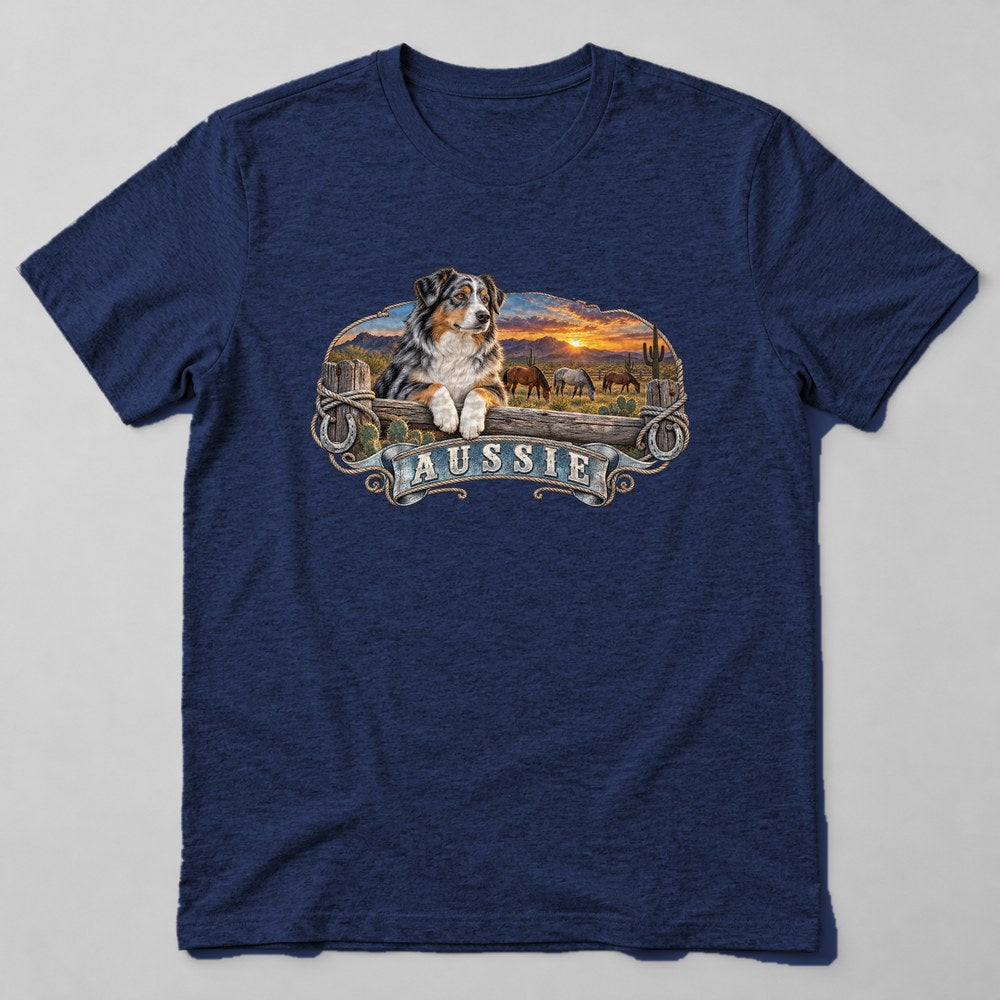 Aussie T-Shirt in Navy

=-=-=

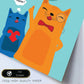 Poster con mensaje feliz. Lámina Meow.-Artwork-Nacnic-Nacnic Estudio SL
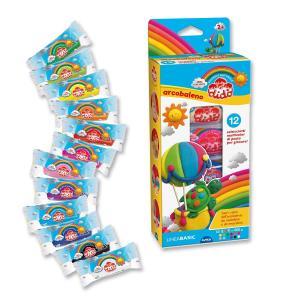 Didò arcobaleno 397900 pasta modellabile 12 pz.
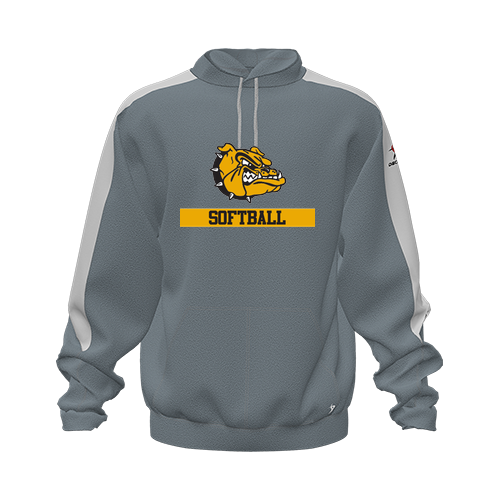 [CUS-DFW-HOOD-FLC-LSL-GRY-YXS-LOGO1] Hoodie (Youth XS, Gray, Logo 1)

=-=-=

From the data above, return only the lines starting at the line that holds "Didò arcobaleno 397900" and ending at the line that holds "[CUS-DFW-HOOD-FLC-LSL-GRY-YXS-LOGO1] Hoodie (Youth", word for word and without pictures.

RESULT:
 Didò arcobaleno 397900 pasta modellabile 12 pz.
 [CUS-DFW-HOOD-FLC-LSL-GRY-YXS-LOGO1] Hoodie (Youth XS, Gray, Logo 1)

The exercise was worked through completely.